FotoPop – the laughing Art of Milan Kunc

It is difficult to be an artist in Italy. One is caught between an everpresent obscene TV-culture on the one side, which, while destroying art, binds common desires in a grand fashion and on the other side a great tradition in the fine arts which transcends the reach of electronic channels.

TV-culture is a first class variety show of erotics and politics, at the forefront of Europe's brain-desolving mass media. A pool of sweet sins and forbidden pleasures which simultaneously greatly represses liberty. It can be defined as hedonism if viewed morally or as nihilism if approached metaphysically. Ether lives; images race by at the speed of light only to sink slowly into the synthesis-addicted, never satisfied right half of the mediterranean visual peoples brain. "I love Italy". On the one hand: Ubiquity, simultaneousness. Everything included and everybody infatuated. Larger than human will is electronic fate. After China, Bertolucci flees into the desert. Frustrated. And what for? To film colorfull, moving imagery. An offensive variation of this is Jeff Koons and Cicciolina as a colorfull sculpture: Post-TV 3-D artware.
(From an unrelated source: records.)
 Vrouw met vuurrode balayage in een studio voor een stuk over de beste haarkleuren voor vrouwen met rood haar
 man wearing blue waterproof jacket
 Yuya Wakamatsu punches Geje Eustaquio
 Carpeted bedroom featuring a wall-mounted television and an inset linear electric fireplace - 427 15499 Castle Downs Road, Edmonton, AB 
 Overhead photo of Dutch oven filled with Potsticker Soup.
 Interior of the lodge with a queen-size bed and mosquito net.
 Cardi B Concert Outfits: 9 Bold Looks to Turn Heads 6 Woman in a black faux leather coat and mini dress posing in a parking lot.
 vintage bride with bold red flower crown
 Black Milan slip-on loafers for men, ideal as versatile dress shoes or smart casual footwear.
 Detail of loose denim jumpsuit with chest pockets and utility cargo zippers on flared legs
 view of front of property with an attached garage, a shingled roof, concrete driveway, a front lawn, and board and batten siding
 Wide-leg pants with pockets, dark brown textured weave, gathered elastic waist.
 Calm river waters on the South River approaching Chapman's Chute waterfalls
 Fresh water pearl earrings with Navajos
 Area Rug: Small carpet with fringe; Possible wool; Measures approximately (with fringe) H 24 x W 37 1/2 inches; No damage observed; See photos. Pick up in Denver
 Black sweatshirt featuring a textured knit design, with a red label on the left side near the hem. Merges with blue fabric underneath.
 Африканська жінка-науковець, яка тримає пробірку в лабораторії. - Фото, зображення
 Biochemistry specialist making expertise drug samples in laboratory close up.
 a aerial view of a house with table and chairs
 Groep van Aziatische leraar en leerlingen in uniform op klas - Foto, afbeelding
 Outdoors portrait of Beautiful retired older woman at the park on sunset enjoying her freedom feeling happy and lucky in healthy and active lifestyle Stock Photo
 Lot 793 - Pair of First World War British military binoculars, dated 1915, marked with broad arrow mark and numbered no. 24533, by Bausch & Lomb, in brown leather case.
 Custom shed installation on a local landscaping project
On the other hand: the old paintings, grey, static, isolated. Figures out of stone, aged from weather, damaged in the course of time. Two thousand, five hundred years. In museums, scattered over gardens and parks, in bushes, behind hedges: they grow out of a distant period and overwhelm the visitors. Like Milan Kunc, for example, during his decisive Rome-year 1988. They are indeed there, these figures, one's hand can rub their porous surface; but that is exactly the problem: that they do not reflect the reality which we as viewers mistake for our lives but rather are dusty, hard and real.